I take them into a dressing room, drop them, and lock the door. I tell them that they have to calm down. It doesn’t work. They actually get louder. This is when I realize that the dressing rooms are in fact echo chambers. Without any full length walls to seperate the dressing rooms, I am sure that the entire store is listening to this cacophony of horror. Finally, I strike a deal that works. They can still get the fart machine if they just shut up! I know, I’m a horrible mom. I just have to get out of that store with an ounce of outward dignity, even if inside I feel like the complete failure. I tell myself that when we are in the privacy of our own home, I'll discipline them. In all actuality I will probably just want to erase this hour from my memory and move on with my life.

We exit the dressing rooms and head back to get a new fart machine. Thank God for this life-saving fart machine, that will be lost, broken, or forgotten by the end of the day. As soon as it is in their hands, they are cracking up like nothing ever happened, like it’s the best day ever. Absolute psychopaths! We walk toward the check-out with exactly zero items from my list. I have to get out of there before the next wave of hysterical madness hits.

As we near the front of the store, we see a mom carrying a screaming child under one arm, whispering in frightening calmess, “You are not getting anything.” I look at her in awestruck wonder and respect. I want to be her when I grow up. My daughters look at me in horror. “Mommy, did you see that? That little girl is being so bad! Good thing we are being good so we can get this treat.” I look back at them in equal horror. It’s like they have amnesia. I’m actually thinking maybe they have tantrum blackouts. My voice is raised when I respond, “That was you literally five minutes ago!” I have now cracked and crumbled. I’m the one acting like a crazy person. It has just gone too far. No one in this store thinks I’m a decent mom or maybe even human being at this point. What the heck, I’ll just show them for myself. “You guys have been crazy the whole time we’ve been here. You should be the ones who get nothing! You don’t deserve this fart machine!” They look around and whisper in concern mixed with embarrassment, “Shhhhh Mommy, people are looking at you.”

I have a solid 40 minutes of elevated heart rate by the time we get to the car, so that’s a win. The girls are content with their new fart machine in the back seat, and they even keep saying “Thank you so much Mommy.” And “This is the best treat ever!” I tell myself that I’m not a total failure. At least they are being grateful… right?

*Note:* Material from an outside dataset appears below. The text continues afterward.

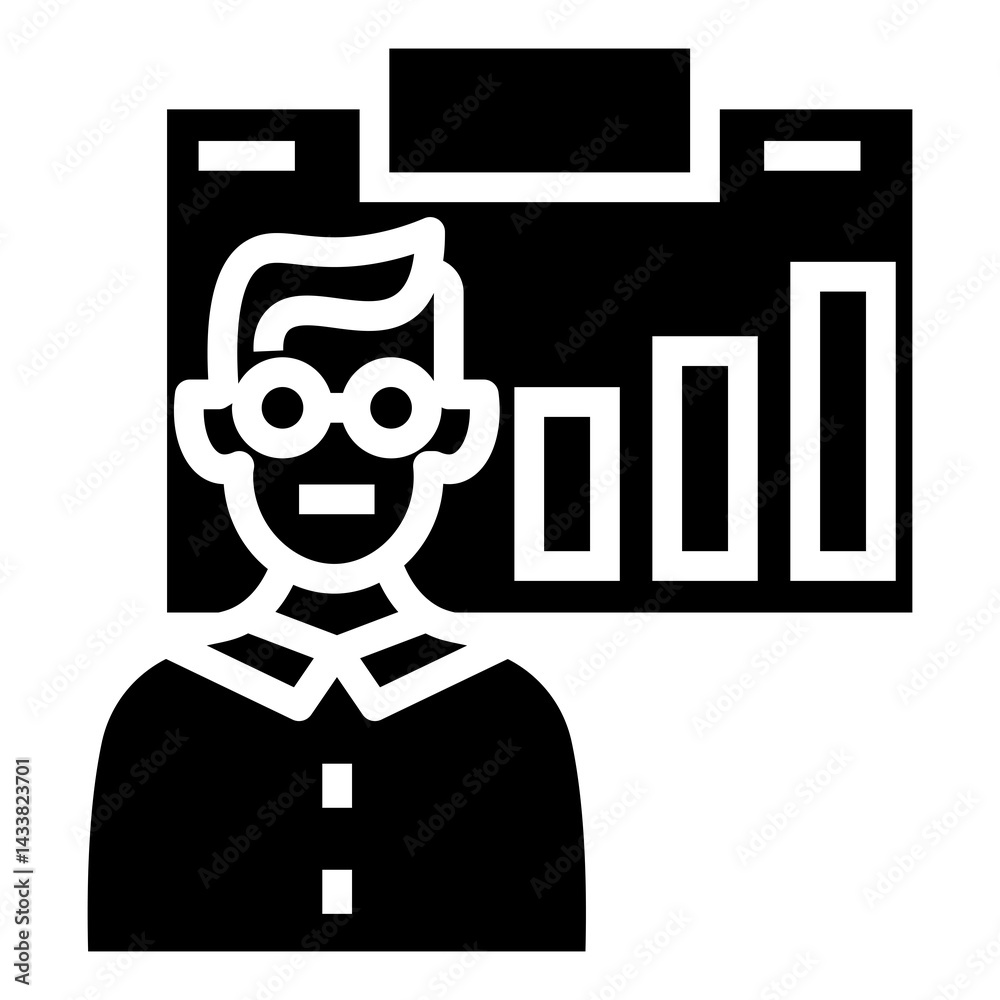 Poster presentation vector icon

Later, Tony asks how our Target run went, ready for the inevitable story to follow. He thinks it’s hilarious, of course. He gives them a congratulatory high five for building that bond of embarrassment. I know I’ll survive to Target shop another day. And I know I’ll look back on this and laugh... with my grey hair, mid-life stress acne, and aching back. Being embarrassed by my kids isn’t the end of the world, just the end of my pride. And that’s not a bad thing. I need to learn sometimes that life isn’t all about me or in my control.

In his book Raising Giant Killers, Bill Johnson says it is pitiful for the goal of parenting to be merely survival, that we are given the greatest gift and responsibility on Earth in raising our children. I agree with him... on most days. This job is huge and so difficult and so important. We must stay diligent and fight the right battles with our kids to teach them right from wrong. We have to be strict yet sensitive. Some days though, I’m just barely making it to bedtime. My example to them for that day is one in perseverance. Just keep trucking, because, well, giving up isn’t actually an option in this job. We just quit for the day, and start new tomorrow.

Happy Mothers Day, Mom! We are all in this together. And our kids are around here somewhere, probably in the bathroom creating science experiments with our make-up.